The Rhetoric of Delisting Species Under the Endangered Species Act: How to Declare Victory Without Winning the War
University of Denver Sturm College of Law
Environmental Law Reporter, Vol. 31, 2001
The recovery and delisting of species protected under the Endangered Species Act is the coming fashion and no mistake. This spring many of us followed with interest the nesting trevails of California condors in California and Arizona as the birds endeavored to lay the foundations for a comeback. At the same time, we watched with mixed feelings building pressure to delist gray wolves and the announced delisting of the Aleutian Canada geese. The United States Fish and Wildlife Service has committed itself to recovery as the goal for its species protection program. Unfortunately, under the provisions of the law and the logic of politics there is great pressure to measure the success of recovery efforts in terms of species delisting. Recovery may have the power to transform the popular image of the Endangered Species Act from a statute about stopping development into a statute about preserving species. However, only delisting can, in theory, decouple protection of biodiversity from the much maligned business of getting government permits and dealings with federal officials.

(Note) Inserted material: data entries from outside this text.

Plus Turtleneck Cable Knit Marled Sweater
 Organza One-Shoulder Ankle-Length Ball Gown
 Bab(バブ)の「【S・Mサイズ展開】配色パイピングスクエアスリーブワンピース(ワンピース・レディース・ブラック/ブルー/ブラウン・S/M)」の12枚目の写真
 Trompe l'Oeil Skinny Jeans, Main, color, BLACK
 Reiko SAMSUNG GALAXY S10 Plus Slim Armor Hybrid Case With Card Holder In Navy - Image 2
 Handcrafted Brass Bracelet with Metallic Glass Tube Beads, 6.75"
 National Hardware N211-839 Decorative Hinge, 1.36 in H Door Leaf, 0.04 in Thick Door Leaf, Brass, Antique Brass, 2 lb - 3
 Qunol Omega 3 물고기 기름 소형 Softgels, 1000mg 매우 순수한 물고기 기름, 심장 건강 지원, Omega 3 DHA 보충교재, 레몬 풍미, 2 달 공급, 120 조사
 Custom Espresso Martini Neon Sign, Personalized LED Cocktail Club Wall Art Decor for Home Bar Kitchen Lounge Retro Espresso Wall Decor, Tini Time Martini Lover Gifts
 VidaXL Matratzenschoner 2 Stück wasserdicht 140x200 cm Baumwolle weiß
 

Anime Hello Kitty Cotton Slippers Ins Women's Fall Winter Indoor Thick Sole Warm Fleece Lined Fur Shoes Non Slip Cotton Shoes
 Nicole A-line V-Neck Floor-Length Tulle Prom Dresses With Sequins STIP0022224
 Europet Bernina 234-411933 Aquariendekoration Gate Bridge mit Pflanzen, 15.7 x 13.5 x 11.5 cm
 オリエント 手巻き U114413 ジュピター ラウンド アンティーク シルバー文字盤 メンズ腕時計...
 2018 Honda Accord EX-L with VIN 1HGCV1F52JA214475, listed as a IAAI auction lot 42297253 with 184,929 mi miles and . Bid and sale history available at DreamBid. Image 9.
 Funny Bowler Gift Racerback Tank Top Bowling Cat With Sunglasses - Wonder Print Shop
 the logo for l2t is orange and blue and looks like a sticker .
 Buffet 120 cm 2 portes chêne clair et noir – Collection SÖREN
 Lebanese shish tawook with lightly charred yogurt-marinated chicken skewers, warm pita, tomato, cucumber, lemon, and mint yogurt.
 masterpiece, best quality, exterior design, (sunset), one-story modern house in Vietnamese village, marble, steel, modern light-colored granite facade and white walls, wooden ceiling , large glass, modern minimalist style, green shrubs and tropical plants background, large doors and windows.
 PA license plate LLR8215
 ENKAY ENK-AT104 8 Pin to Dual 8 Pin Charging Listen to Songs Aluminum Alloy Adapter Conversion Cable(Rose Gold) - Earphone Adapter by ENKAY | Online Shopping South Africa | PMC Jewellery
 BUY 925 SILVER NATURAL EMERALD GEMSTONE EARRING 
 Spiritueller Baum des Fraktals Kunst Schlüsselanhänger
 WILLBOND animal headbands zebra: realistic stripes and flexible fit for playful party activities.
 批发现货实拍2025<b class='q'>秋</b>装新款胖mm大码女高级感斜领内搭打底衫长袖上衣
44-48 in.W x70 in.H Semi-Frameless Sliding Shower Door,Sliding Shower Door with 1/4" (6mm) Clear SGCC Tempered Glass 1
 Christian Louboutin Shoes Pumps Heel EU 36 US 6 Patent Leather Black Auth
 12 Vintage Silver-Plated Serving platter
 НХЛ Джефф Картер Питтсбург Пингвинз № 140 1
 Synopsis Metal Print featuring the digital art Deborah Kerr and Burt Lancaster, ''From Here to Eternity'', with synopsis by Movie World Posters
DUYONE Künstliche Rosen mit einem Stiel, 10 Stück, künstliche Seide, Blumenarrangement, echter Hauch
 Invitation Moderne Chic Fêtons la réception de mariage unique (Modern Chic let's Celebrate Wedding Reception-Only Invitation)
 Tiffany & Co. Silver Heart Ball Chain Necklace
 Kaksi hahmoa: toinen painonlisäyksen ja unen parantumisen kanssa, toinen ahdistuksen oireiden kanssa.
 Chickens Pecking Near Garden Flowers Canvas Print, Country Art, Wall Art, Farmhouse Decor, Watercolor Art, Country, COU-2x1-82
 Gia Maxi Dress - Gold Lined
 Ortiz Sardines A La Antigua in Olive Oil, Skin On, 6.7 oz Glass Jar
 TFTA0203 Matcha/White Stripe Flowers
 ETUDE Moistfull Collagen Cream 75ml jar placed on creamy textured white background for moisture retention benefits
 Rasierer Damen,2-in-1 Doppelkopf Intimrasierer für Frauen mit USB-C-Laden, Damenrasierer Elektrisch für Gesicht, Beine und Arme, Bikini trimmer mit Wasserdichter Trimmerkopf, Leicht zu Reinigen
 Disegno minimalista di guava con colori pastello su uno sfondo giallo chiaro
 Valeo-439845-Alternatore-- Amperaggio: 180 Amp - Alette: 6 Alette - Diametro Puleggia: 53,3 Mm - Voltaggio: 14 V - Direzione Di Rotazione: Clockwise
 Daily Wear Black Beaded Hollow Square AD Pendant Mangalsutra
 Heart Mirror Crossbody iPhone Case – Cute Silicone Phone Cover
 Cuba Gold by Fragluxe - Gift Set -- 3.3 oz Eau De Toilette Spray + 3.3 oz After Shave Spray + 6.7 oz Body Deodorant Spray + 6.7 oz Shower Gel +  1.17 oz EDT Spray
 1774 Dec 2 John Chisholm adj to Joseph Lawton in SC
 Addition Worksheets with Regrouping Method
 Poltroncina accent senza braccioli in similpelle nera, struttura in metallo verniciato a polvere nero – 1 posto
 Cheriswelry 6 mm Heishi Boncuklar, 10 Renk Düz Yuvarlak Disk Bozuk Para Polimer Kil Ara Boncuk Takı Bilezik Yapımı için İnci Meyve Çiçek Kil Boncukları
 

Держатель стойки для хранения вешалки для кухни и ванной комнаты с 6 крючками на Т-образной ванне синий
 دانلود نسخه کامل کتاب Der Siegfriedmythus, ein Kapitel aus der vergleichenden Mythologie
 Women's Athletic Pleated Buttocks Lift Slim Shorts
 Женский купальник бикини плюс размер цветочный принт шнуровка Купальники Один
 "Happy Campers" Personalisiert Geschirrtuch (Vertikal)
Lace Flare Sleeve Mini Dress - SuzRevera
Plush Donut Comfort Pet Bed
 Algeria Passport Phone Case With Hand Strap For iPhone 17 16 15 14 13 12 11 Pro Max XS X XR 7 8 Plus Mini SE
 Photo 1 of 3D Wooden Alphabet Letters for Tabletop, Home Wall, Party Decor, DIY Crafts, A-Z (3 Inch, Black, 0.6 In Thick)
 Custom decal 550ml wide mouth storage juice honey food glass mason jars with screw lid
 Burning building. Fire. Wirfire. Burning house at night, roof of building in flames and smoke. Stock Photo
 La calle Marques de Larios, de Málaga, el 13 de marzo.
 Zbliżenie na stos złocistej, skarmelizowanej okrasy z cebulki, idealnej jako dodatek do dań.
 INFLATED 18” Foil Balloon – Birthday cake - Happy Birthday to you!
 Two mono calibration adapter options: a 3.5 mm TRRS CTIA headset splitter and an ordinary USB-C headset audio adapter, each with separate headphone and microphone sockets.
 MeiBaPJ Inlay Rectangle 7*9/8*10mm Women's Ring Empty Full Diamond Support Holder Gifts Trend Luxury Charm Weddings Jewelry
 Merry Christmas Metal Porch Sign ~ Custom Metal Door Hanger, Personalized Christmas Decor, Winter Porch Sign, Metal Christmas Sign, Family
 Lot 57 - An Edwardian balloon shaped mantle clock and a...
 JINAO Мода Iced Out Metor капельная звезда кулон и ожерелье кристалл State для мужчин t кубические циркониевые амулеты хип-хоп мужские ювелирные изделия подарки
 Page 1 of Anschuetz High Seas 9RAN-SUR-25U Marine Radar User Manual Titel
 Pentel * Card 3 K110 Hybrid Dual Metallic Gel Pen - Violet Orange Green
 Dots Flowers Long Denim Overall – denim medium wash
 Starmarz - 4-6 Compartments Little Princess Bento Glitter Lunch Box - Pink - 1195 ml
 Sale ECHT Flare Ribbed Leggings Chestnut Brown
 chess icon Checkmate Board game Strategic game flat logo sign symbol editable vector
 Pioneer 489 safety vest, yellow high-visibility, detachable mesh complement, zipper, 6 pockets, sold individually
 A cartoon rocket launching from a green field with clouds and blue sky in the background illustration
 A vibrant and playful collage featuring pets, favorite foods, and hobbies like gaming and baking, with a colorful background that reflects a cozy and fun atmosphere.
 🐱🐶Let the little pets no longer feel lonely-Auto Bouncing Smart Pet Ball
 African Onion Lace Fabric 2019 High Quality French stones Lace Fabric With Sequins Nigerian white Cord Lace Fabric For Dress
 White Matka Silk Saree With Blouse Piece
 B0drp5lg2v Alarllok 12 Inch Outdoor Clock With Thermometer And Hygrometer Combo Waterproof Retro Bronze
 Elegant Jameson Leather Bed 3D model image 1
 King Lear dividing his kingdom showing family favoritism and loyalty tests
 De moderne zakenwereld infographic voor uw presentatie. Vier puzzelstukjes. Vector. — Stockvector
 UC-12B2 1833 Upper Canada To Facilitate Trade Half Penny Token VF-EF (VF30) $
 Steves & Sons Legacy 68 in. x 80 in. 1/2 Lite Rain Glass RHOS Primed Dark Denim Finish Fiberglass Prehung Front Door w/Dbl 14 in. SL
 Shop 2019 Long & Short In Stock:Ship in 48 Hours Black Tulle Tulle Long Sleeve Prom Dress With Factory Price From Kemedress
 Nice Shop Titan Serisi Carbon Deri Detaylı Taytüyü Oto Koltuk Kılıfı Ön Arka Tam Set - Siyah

Like it or not, the common notions of recovery and delisting - bringing species to the point at which they are so numerous and so well distributed in sufficient quantities of perpetually secure habitat that the protections provided by the Endangered Species Act become unnecessary - will not become a realistic aspiration for any significant number of species any time in the foreseeable future.
Yet there is political pressure to "show results" by declaring species recovered and removing them from the lists of protected species. Can the federal government emphasize species recovery and delisting in the face of collapsing global ecosystems? The answer, of course, is yes. The real question is how.